Normalization: making different data sources comparable

Different systems record activity using different formats and terminology. Normalization transforms incoming data into a consistent structure so it can be analyzed uniformly across otherwise incompatible sources.

In practice, this means Kaseya SIEM can treat common attributes—such as users, devices, IP addresses, and timestamps—in a consistent way, which supports meaningful correlation and investigation.

Correlation: how Kaseya SIEM connects activity across domains

Correlation is where isolated events become investigation context.

In Kaseya SIEM, correlation connects related activity across endpoints, network infrastructure, and cloud services so you can review it as part of a unified pattern instead of manually assembling it from separate logs and tools.

For example, authentication failures, endpoint actions, and cloud access events may appear low‑risk individually.
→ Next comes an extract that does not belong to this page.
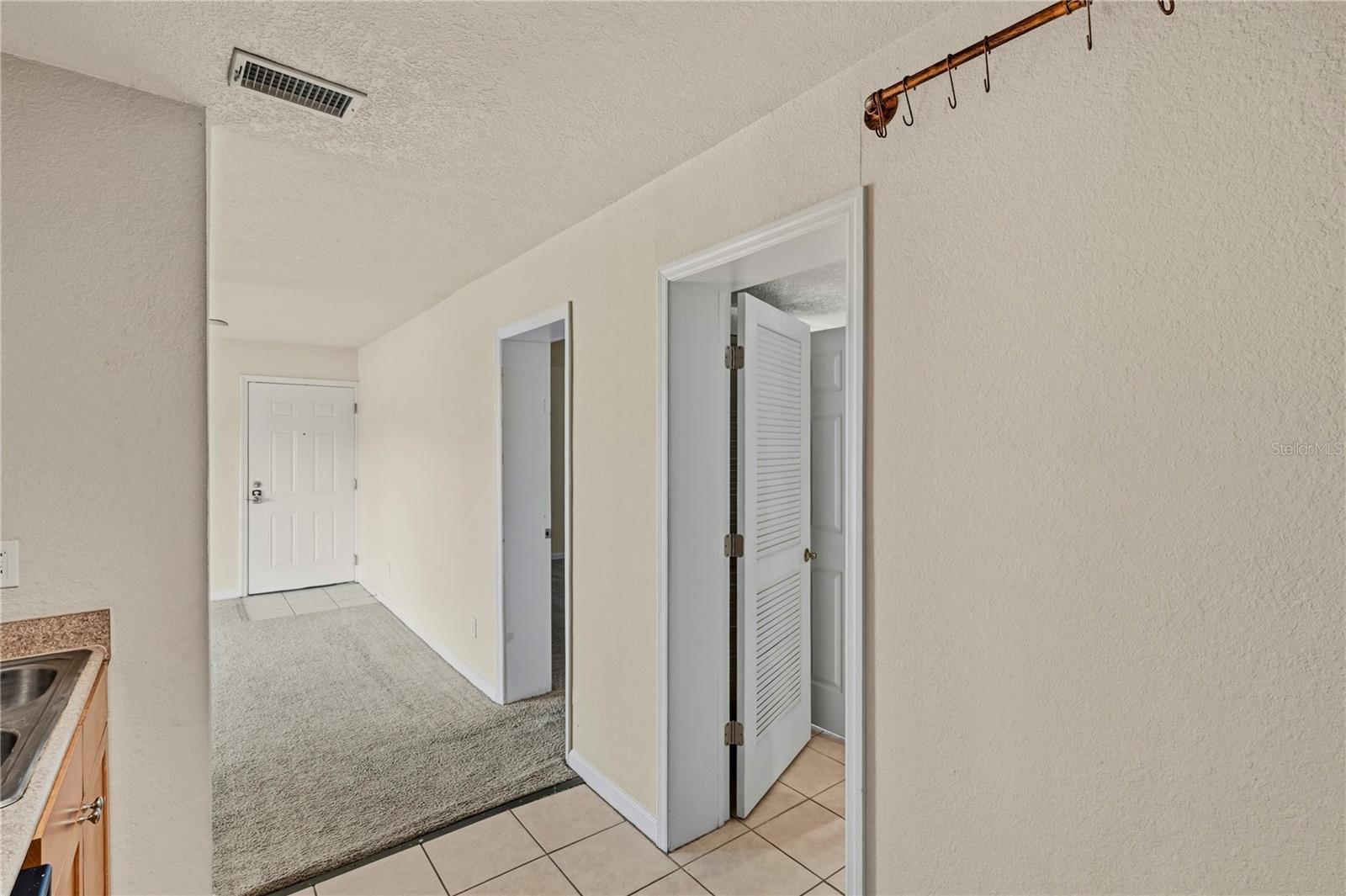 151 SEAHORSE DR SE #B — photo 15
When correlated together, they can indicate a coordinated attack or compromised account.

What this means for you: correlation is reflected in how activity is grouped and presented for investigation, helping you see relationships and timelines more clearly at the start of triage.

This same correlation logic is extended across SaaS, endpoint, and network activity in Cross‑domain correlation, where related signals from different environments are reviewed together during investigation.

Alerting (from events to alerts): turning correlation into an investigation entry point

When correlated activity meets defined conditions or thresholds, Kaseya SIEM generates alerts.

Alerts are designed to represent combined signals rather than individual events, which supports prioritization during investigation. Alert context may include information about affected users, devices, or services to help you assess scope and potential impact earlier in the investigation.

What this means for you: alerts are meant to be the starting point for investigation, not a raw event stream. Investigation workflows build on alert context rather than replacing it.

How alerts are reviewed, validated, and prioritized during daily operations is covered in Working with alerts.

Reporting and visibility: understanding outcomes and trends over time

Kaseya SIEM provides reporting and visibility into security activity to support operational needs and audit/compliance requirements. Reporting helps you review trends, assess investigation outcomes, and generate evidence for governance and compliance workflows.

Integrating endpoint, network, and cloud security

Modern security incidents rarely remain confined to a single domain. Attacks may begin on an endpoint, move through network infrastructure, and ultimately impact cloud services.

Kaseya SIEM acts as a unifying layer by bringing together telemetry from:

  • Endpoint security: process execution, file activity, and user logins

  • Network security: authentication events, access patterns, and lateral movement

  • Cloud security: SaaS activity, API usage, and configuration changes

By normalizing and correlating data across these domains, Kaseya SIEM helps you follow activity across an end‑to‑end path that would otherwise appear fragmented across separate tools. This cross‑domain visibility is a key enabler for investigation‑driven decisions.

From detection to response: where investigation leads

Kaseya SIEM supports investigation and decision‑making by providing context across users, devices, and services. Response actions may be manual or automated depending on enabled products, integrations, and how your rules are configured. How response logic is structured and executed is explained in Creating Respond rules and Respond actions, which build on investigation outcomes rather than replacing them.

Rather than responding to isolated alerts, you can review correlated activity and understand how events relate to one another before taking action. This ensures response decisions are informed by investigation context rather than single signals.

This investigation‑first flow is formalized in Detect > Investigate > Respond lifecyle, which describes how detection, investigation, and response stages relate to one another.

What this means in practice

By correlating activity across endpoints, network infrastructure, and cloud services, Kaseya SIEM supports investigation by bringing related activity together to help you understand what happened, assess impact, and decide how to respond. More detailed examples of investigation workflows, response behavior, and reporting outcomes are covered in later sections of this documentation.